I am using a Database Query component to load the Snowflake table, and have tried various methods (via PL/SQL) of getting the CLOB data into a format that Snowflake will accept. But no matter what I try, Matillion returns Oracle errors (from the Oracle JDBC Thin driver). The errors are related to buffer size, such as:
ORA-06502: PL/SQL: numeric or value error: character string buffer too small ORA-64203: Destination buffer too small to hold CLOB data after character set conversion.
I'm wondering if there is a setting within Matillion (or perhaps the JDBC driver) related to buffer size which might affect this? The Snowflake VARCHAR data type can store large amounts of data, so I know that's not the issue.
7 Community Answers
Kalyan Arangam —
Unfortunately, I am not proficient on these settings for oracle. Oracle support or Oracle forums may be able to advice on overcoming buffer issues with the JDBC driver and converting CLOB to VARCHAR types.

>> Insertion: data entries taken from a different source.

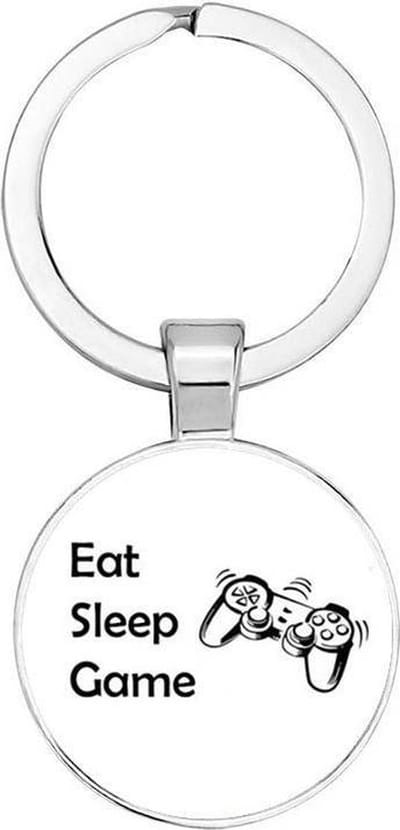 Akyol - Eat Sleep Game Sleutelhanger - Vriendschap - Liefde - Vrienden - Leuk cadeau om te geven - 2,5 x 2,5 CM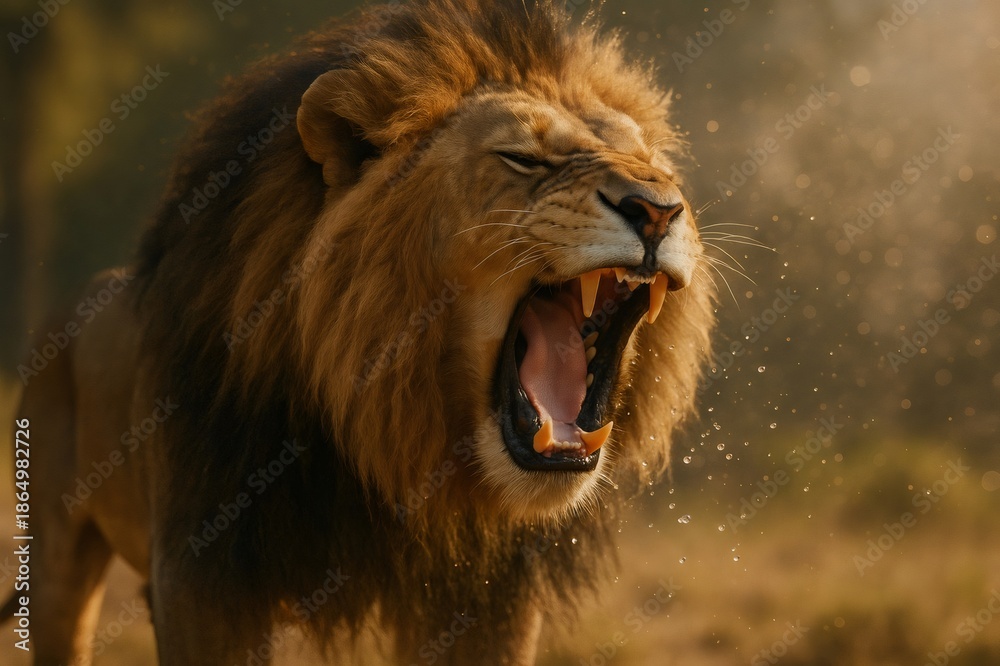 Naklejka premium Male lion with a powerful roar, displaying open mouth, sharp teeth, and spraying water droplets in golden light
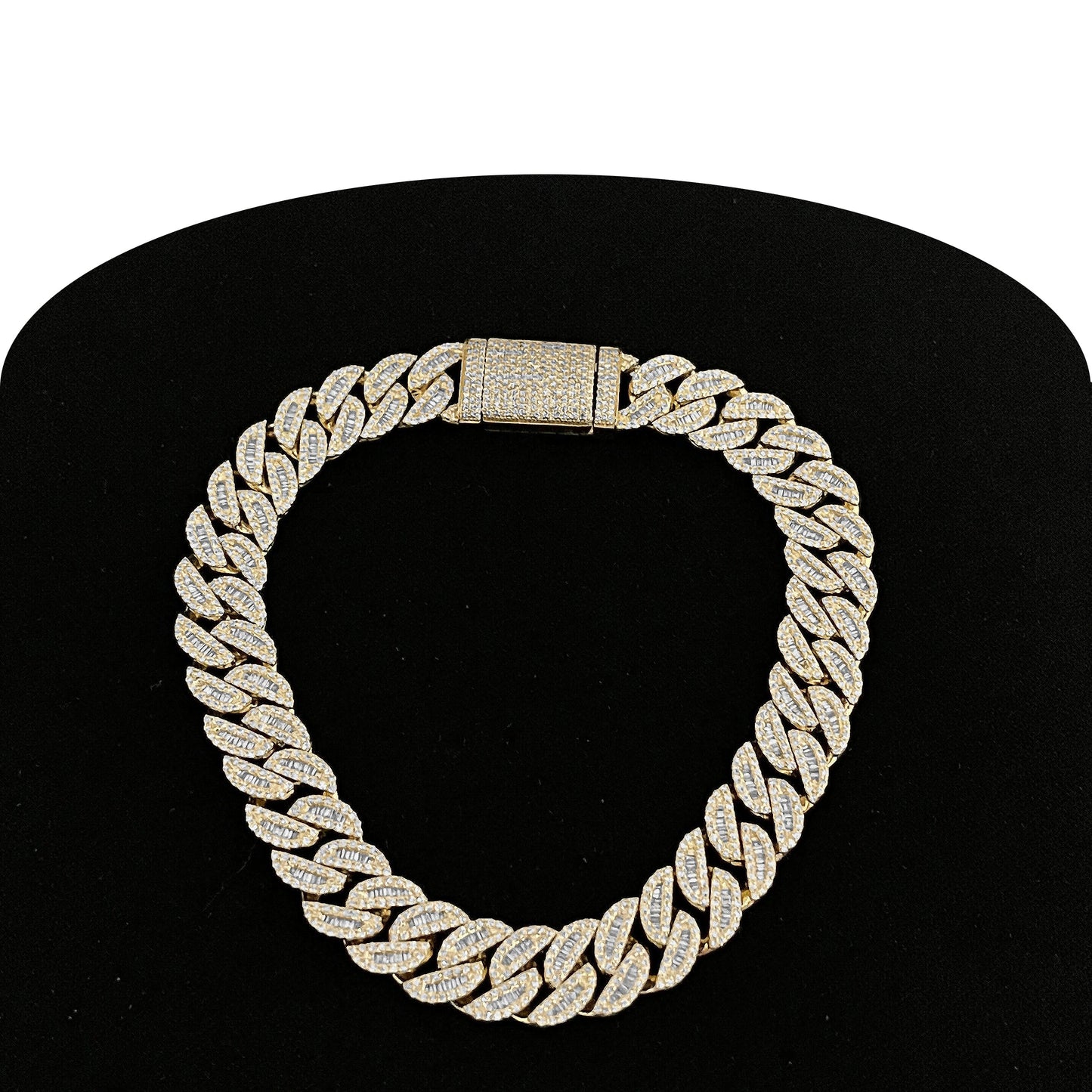 Muse Jewelry 3659mm 3.63ct G SI 14K Yellow Gold Round & Baguette Iced Out Diamond Cuban Bracelet 8" Long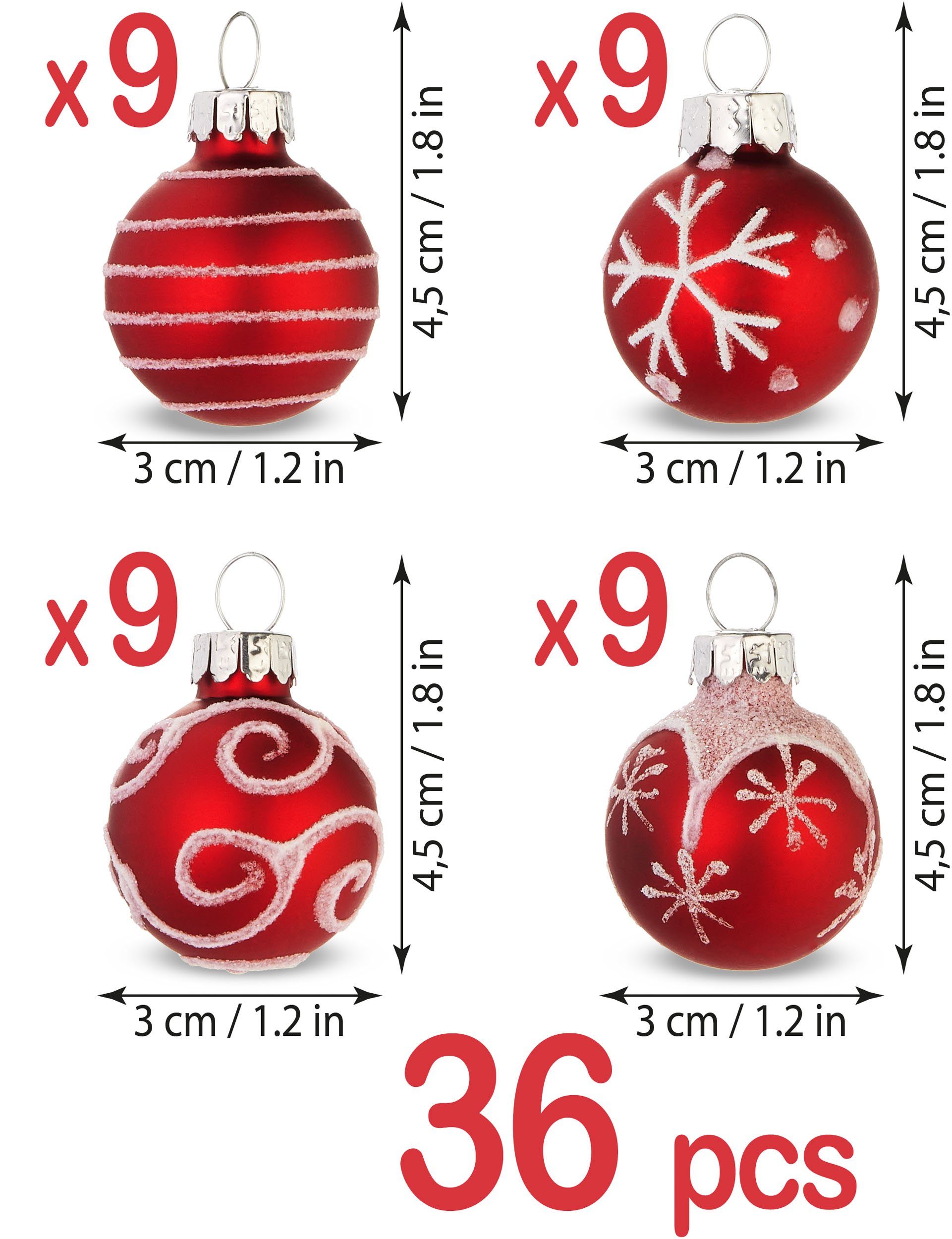 BRUBAKER Weihnachtsbaumkugel Weihnachtskugeln mit 3 cm Baumkugeln - Handbemalter Christbaumschmuck (36 St), Mini Kugeln für Weihnachtsbaum und Weihnachtsdekorationen aus Glas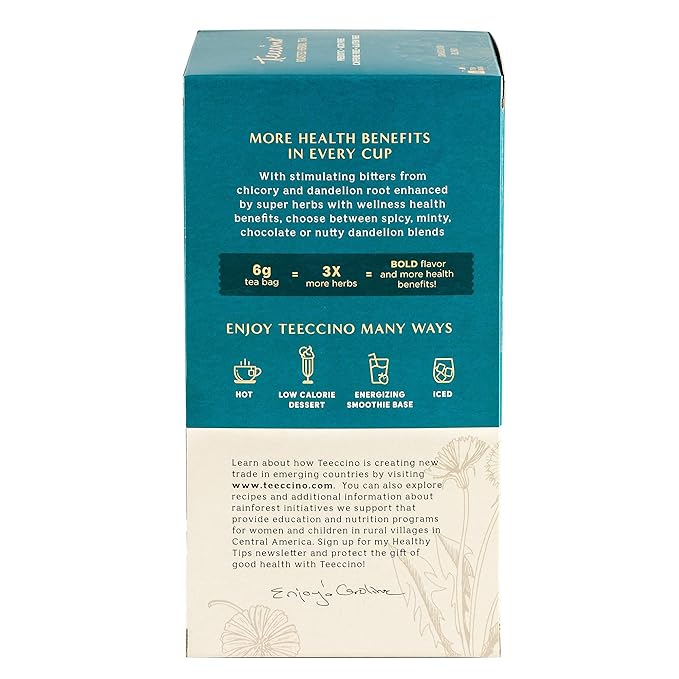 Teeccino Dandelion Coconut Tea - Caffeine Free, Roasted Herbal Tea with Prebiotics, 3x More Herbs than Regular Tea Bags, Gluten Free - 25 Tea Bags (Pack of 3)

The Database Query component exposes additional options supported by your oracle JSBC driver under Connection Options property. These are additional properties supported by the Oracle JDBC driver which may help you here.
One recommendation I have is to test your queries outside matillion so you are sure these work. I recommend using a PL-SQL editor and writing the query result to disk. Once these succeed then you may try those in matillion.
SQL> spool c:\temp\out.txt
SQL> SELECT * FROM USERS;
SQL> spool off
Also, how do you intend to over come the 4k limit on varchar datatype? Whats the maximum with of content in your CLOB field?
Would splitting them into two or more fields be an option?
Thanks for the quick response...the query does execute fine when run via Oracle SQL Developer, and returns the expected results. The maximum length is 479083 characters.
"How do you intend to over come the 4k limit on varchar datatype? Whats the maximum with of content in your CLOB field? Would splitting them into two or more fields be an option? "
Splitting is not an option unfortunately. I decided to try loading the data to Snowflake without casting the CLOB as a VARCHAR, which worked. (I can do the necessary transformations in Snowflake instead of Oracle.) And, I thought that in doing so, the 4K limit would not be an issue. However, it appears that some implicit conversion is being done, because once the data is loaded in Snowflake, querying it reveals it's truncated to 3999 characters. So I'm now back to square one.
I built an orchestration job which has a SQL Script task to create (or replace) the destination table in Snowflake. From there it goes to a Database Query task, with a SQL command run against the Oracle database, to load into the new destination table. I am actually relatively new to Matillion, could you point me to some info on how to the generate metadata?
I was able to generate the metadata outside of Matillion and found that the column in question is a VARCHAR(4000). It was not specified as such in the SQL code to create the table...first it was specified simply as VARCHAR (automatically determines max size), then I tried forcing it to VARCHAR(16777216), which is the actual max size allowed. But in both cases, Snowflake adjusts the column to 4000. That said, it seems this may be an issue with Snowflake, so I have raised a support question with their support community as well.
You mention that you pre-created the target table in Snowflake. As such, have you set the following Load Option in the Database Query component:
Option = Recreate Target Table
Value = Off
The default behavior of the Database Query component is to drop and recreate the target table. So, if you have pre-created the target table, you need to override this default behavior. I’m wondering if that’s why you are seeing the table in Snowflake getting set with the field defined as VARCHAR?